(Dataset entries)
/---
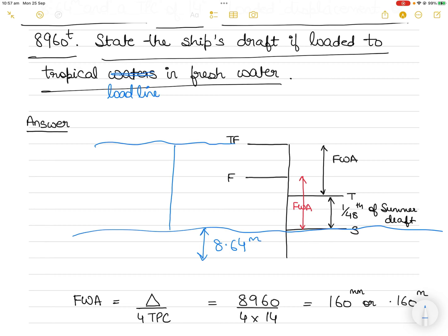We need to sink the vessel by the total distance from the summer load line to the tropical freshwater load line. Instead of finding that whole distance at once, we divide it into two distances. From tropical to tropical fresh is freshwater allowance, just like from summer to freshwater. Remember, these distances refer to the upper part of the load line mark.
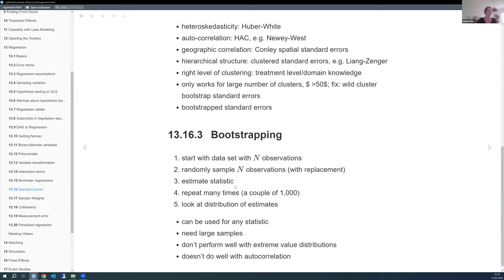Generally, bootstrap standard errors work by drawing with replacement from the same sample to create 10,000 synthetic samples, estimating the statistic each time, and then looking at the distribution of estimates. It's flexible — works for any statistic, not just standard errors. However, it requires large samples, doesn't work well with extreme-value distributions like precipitation, and doesn't handle autocorrelation well.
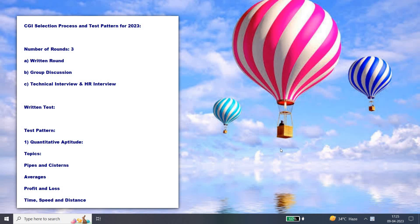Hello friends, welcome to Insight Learners. In this video, we shall discuss the CGI test pattern and the interview rounds for the updated 2023. The number of rounds: there will be total three rounds. The first round will be a written test, the second round will be group discussion, and the third round will be technical interview followed by HR interview.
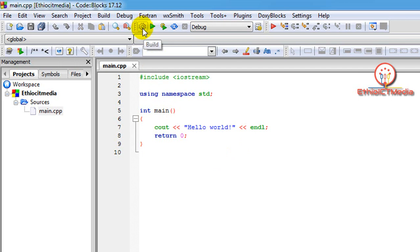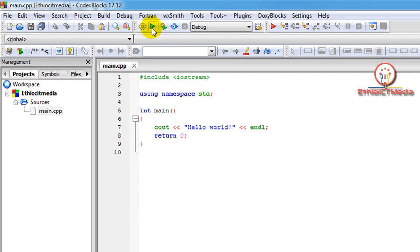If you want to use the program, you can use the build. If you want to use the compiler, you can use the compiler to translate. If you want to execute the program, you can click run. We need to use Build and Run to build and compile the program and display the output.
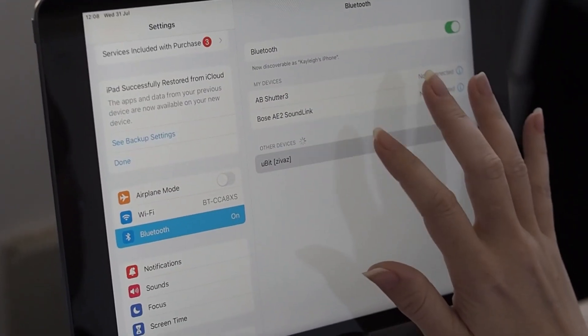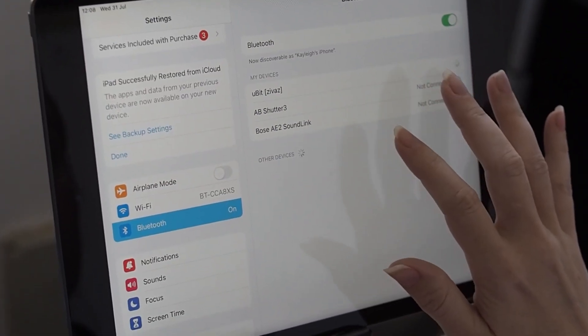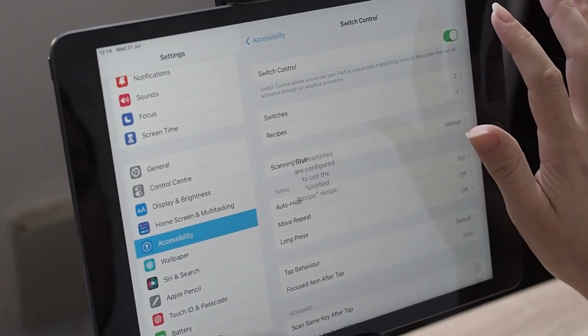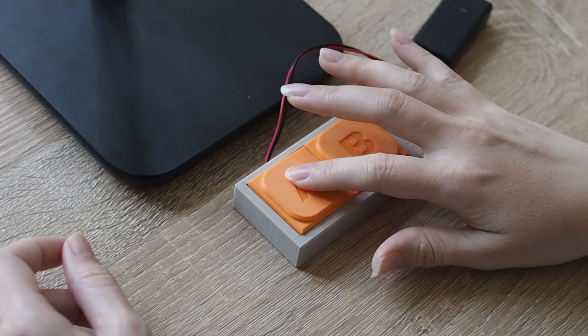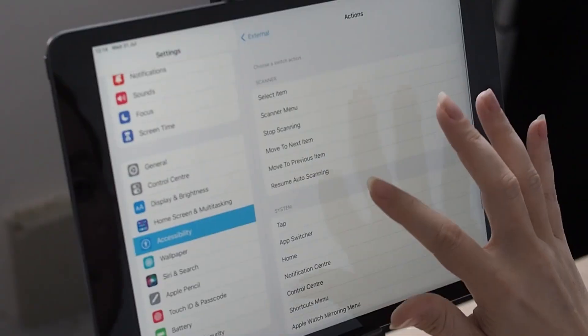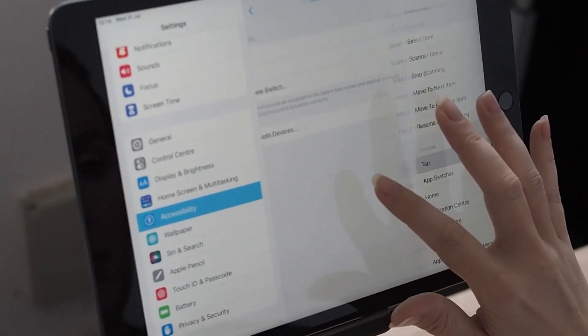Simply connect TAP to your device via bluetooth and turn on switch control, then map the buttons to move to next item and TAP.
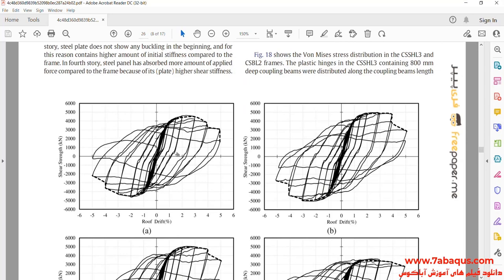In this picture, you can observe the hysteresis diagram of the shear wall as well.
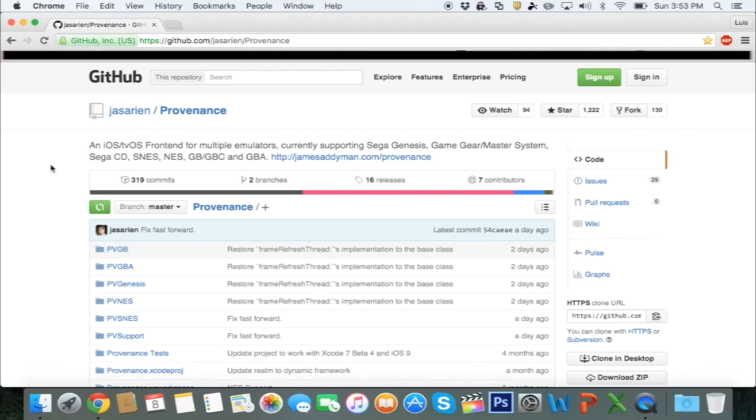Hey, what's going on guys? In this video, I'm going to teach you how to install an emulator on your Apple TV 4th generation.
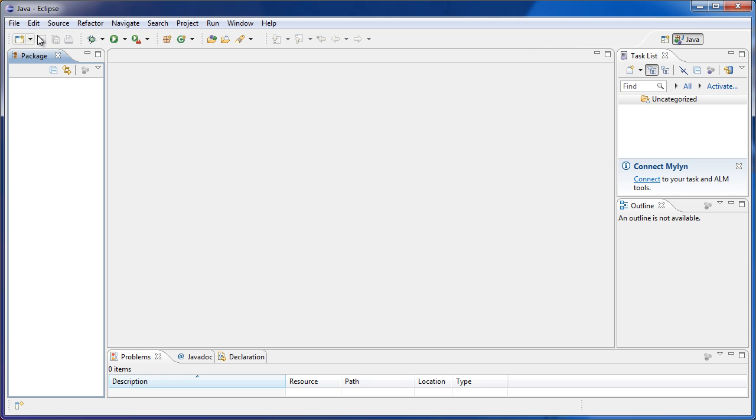There are others around, such as JCreator or NetBeans, but we'll be using Eclipse just because I like it better than any other one. It's fast, simple, and reliable.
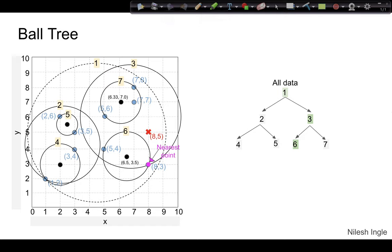That was it for this video. I hope you gained some intuition about the different algorithms used to find the nearest neighbor — brute force, KD tree, and ball tree. In the next video we'll look at how nearest neighbor methods work using these algorithms. Please like, share, and subscribe — hope to see you all in the next video, thank you.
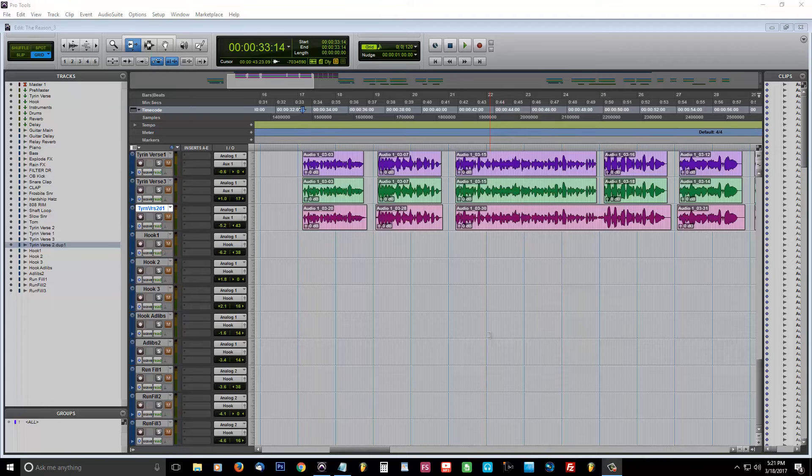Do you want crisp, powerful vocals? Well, you came to the right video. My name is Trav from WeGotBeats.com and I'm going to show you how.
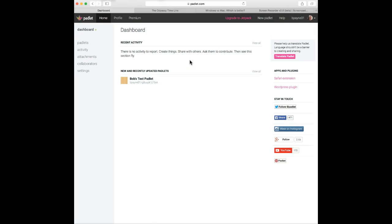So first of all, Padlet is possibly the easiest way to create and collaborate. You can use it to do presentations. It can be a tool to be used for reflection. You can do comparison and contrast, digital storytelling, topic summaries, notes. You can collect feedback in kind of a poll situation. You can use it for entrance and exit tickets. You can bookmark your favorite links. You can use it for KWL charts or what do I already know? What would I want to know? And what have I learned? KWL.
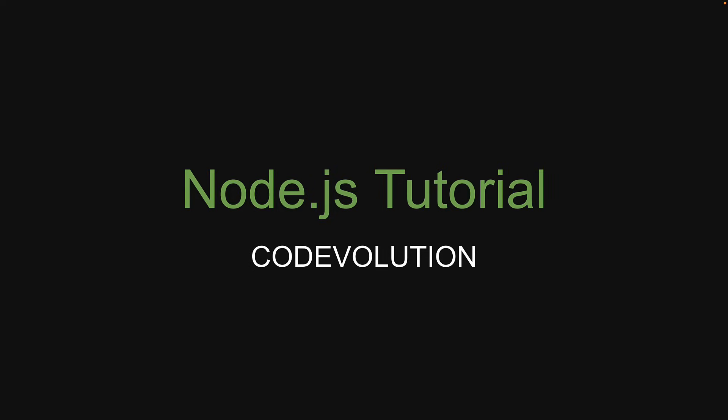Hey everyone, my name is Vishwas and welcome to a brand new series on Node.js for beginners. In this introductory video, let's understand what is Node.js, why you might want to learn it, take a look at the course structure and the prerequisites to get started. Let's begin.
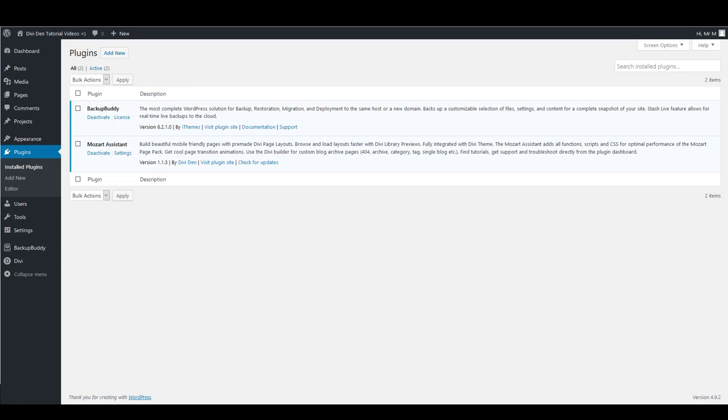Hello everyone! In this video I want to show you how to set up a navigation menu once you've installed and activated the Mozart assistant plugin.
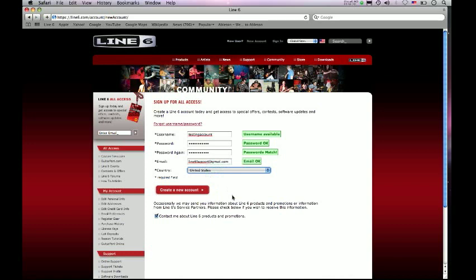Okay, so we have green lights for everything, so that means the server is happy with everything we've typed in. What you'd want to do next is create the account by clicking on this button, this Create a New Account button here.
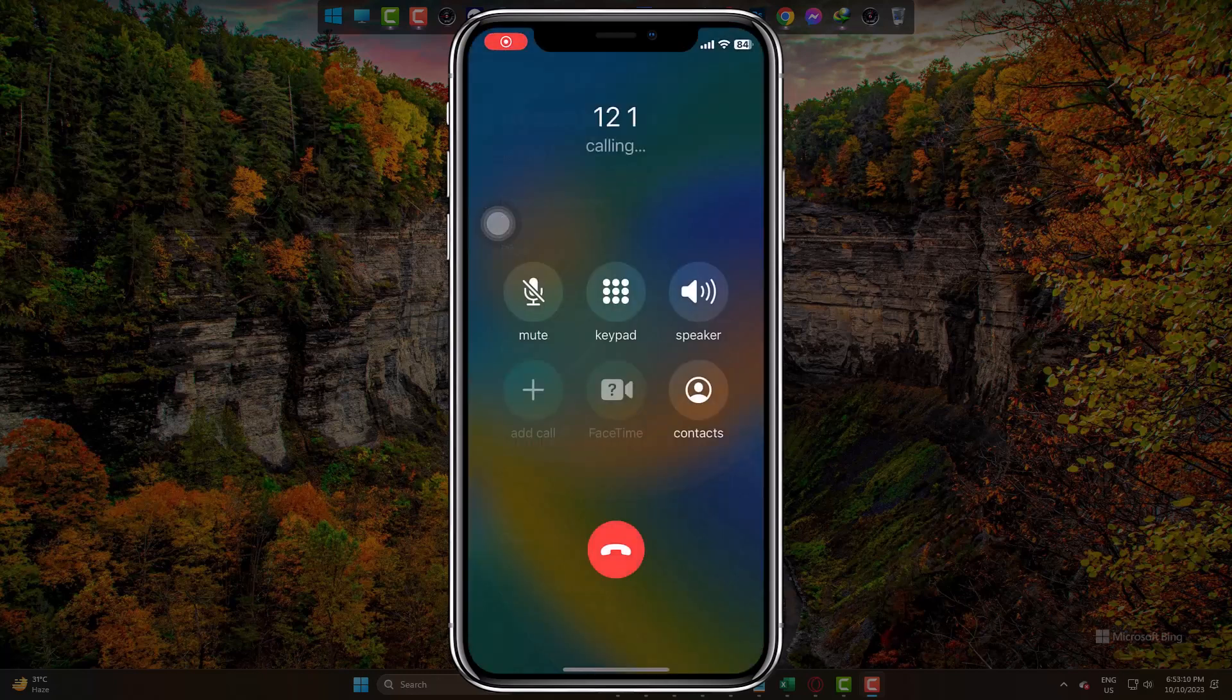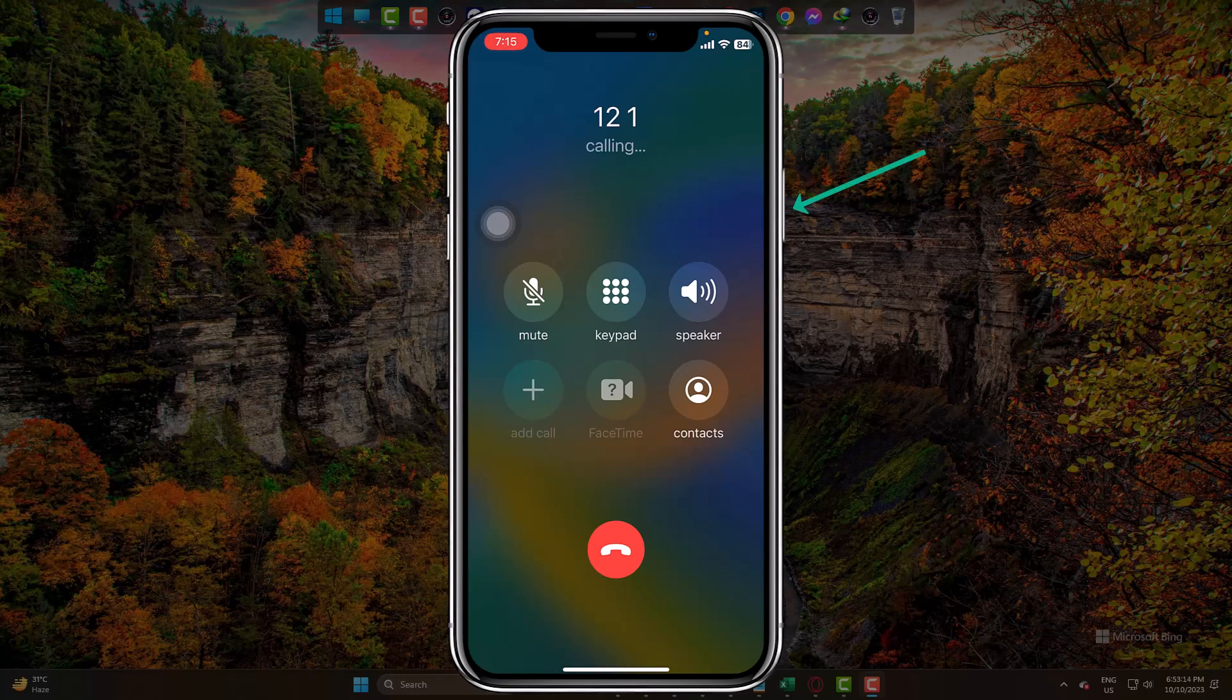And now, I am going to make a call again and try. I am pressing the lock button on and on, but my call is not being ended or hung up.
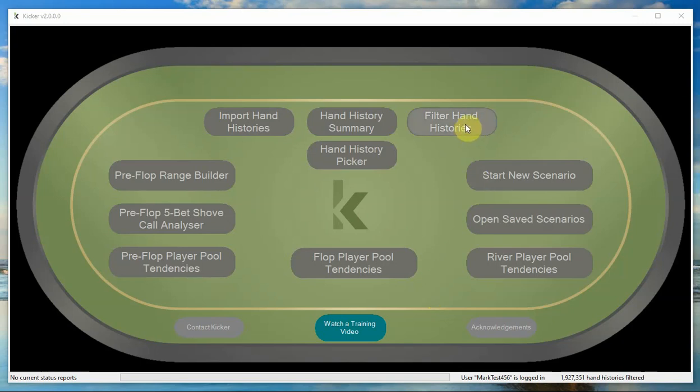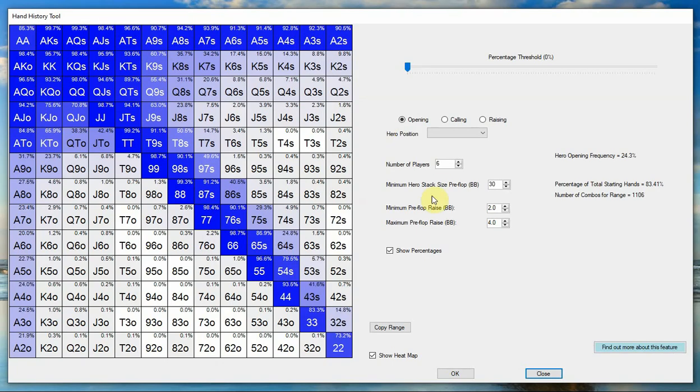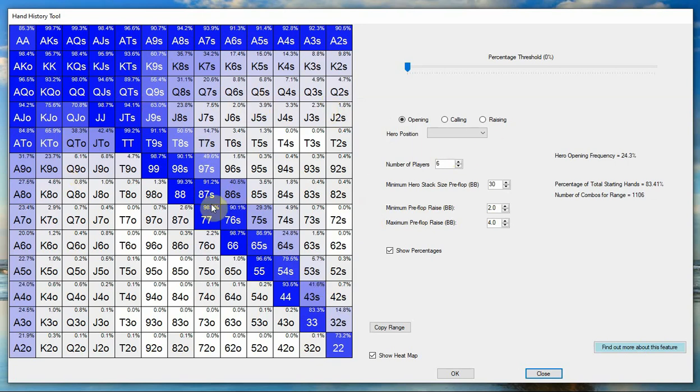Before we get to the filter hand histories, it's worth briefly going through where the hand histories come into use within KICKR. There are a few places, so firstly within the hand history summary, which there is a separate video for, but this is where you can determine what your opening ranges are, what your calling ranges are, what your raising ranges are based on certain positions and stack sizes and so forth.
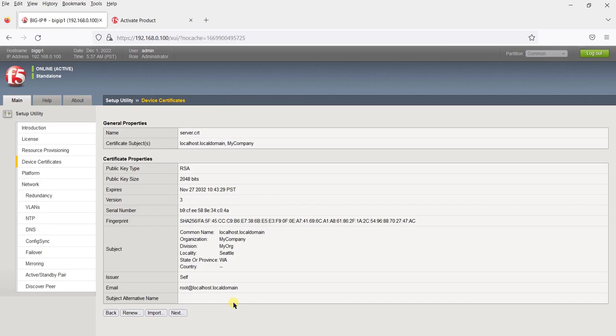You can see the certificate details and certificate properties. If you want to import a certificate you can do it from here, but for now we will keep the default settings and click Next.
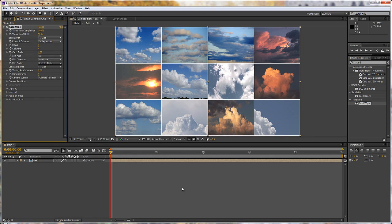Hello and welcome to the second part of this card wipe effect tutorial. In the first one I set up my card wipe with a whole bunch of different compositions.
\---
*TASK TO COMPLETE*. A verbatim reproduction is expected: starting at the line above that has "Hey, what's going", ending at the line that has "And now, I am", both included, and with no pictures and no other lines.

*TASK ANSWER*.
Hey, what's going on guys? In this video, I'm going to teach you how to install an emulator on your Apple TV 4th generation.
There are others around, such as JCreator or NetBeans, but we'll be using Eclipse just because I like it better than any other one. It's fast, simple, and reliable.
That was it for this video. I hope you gained some intuition about the different algorithms used to find the nearest neighbor — brute force, KD tree, and ball tree. In the next video we'll look at how nearest neighbor methods work using these algorithms. Please like, share, and subscribe — hope to see you all in the next video, thank you.
Do you want crisp, powerful vocals? Well, you came to the right video. My name is Trav from WeGotBeats.com and I'm going to show you how.
So first of all, Padlet is possibly the easiest way to create and collaborate. You can use it to do presentations. It can be a tool to be used for reflection. You can do comparison and contrast, digital storytelling, topic summaries, notes. You can collect feedback in kind of a poll situation. You can use it for entrance and exit tickets. You can bookmark your favorite links. You can use it for KWL charts or what do I already know? What would I want to know? And what have I learned? KWL.
Hey everyone, my name is Vishwas and welcome to a brand new series on Node.js for beginners. In this introductory video, let's understand what is Node.js, why you might want to learn it, take a look at the course structure and the prerequisites to get started. Let's begin.
Hello everyone! In this video I want to show you how to set up a navigation menu once you've installed and activated the Mozart assistant plugin.
Okay, so we have green lights for everything, so that means the server is happy with everything we've typed in. What you'd want to do next is create the account by clicking on this button, this Create a New Account button here.
And now, I am going to make a call again and try. I am pressing the lock button on and on, but my call is not being ended or hung up.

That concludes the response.